4. Being aggrieved by the above addition an appeal was filed before ld. CIT(A) challenging the addition u/s. 50C of the Act. It is contested before the ld. CIT(A) that the AO had valued the building by adopting CPWD rates as against state PWED rates. Placed reliance on the decision of TMPN Murugesan v. CIT, 217 Taxmann 40 (Mad) and Commissioner Of Income-Tax v. Smt. V. Gajalakshmi, [2011] 331 Taxmann 216 (Mad). Being aggrieved, the appellant is in appeal before us in the present appeal.
5. We heard the rival submissions and perused material available on record. The only issue in the present appeal relates to the addition u/s. 50C of the Act. It is a matter of record that when the appellant objected to adoption of the guidelines value on stamp duty purpose as deemed consideration u/s. 50C of the Act, the AO referred the matter to DVO. From the perusal of para 5.5.2 of ld. CIT(A), it is clear that the DVO report was received after the completion of the assessment. Therefore, it is clear that the appellant had no opportunity the DVO's report, which is against him. The ld. CIT(A) ought to have given opportunity to the appellant to rebut the findings of the DVO, which are against the appellant.
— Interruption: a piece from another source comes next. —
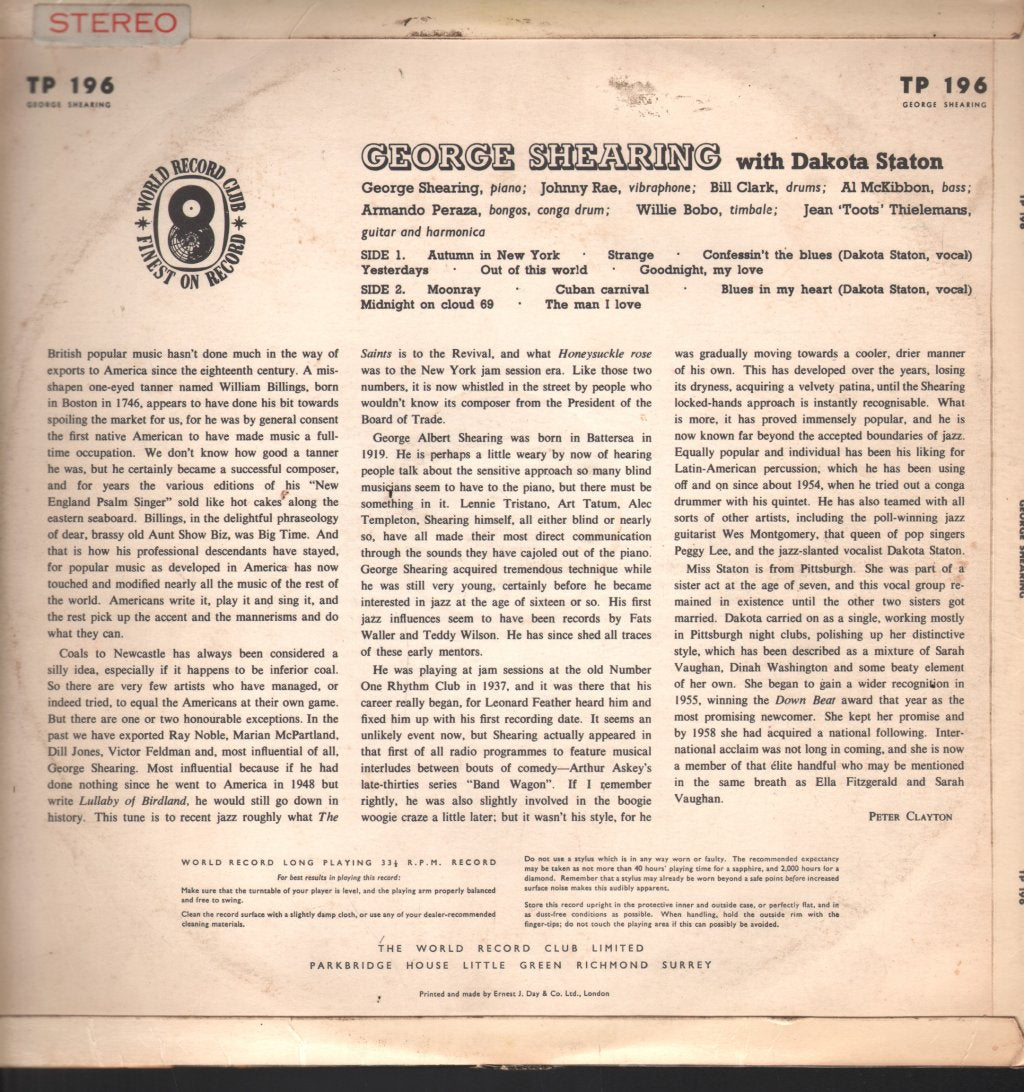 George Shearing - George Shearing With Dakota Staton - Lp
In the circumstances, we consider that the matter should go back to the AO in order to enable the assessee to file objections if any, before the DVO. In the circumstances, the matter is restored back to the file of AO to the stage of receipt of DVO report to complete the assessment in accordance with law.
6. In the result, the appeal filed by the assessee is partly allowed for statistical purpose.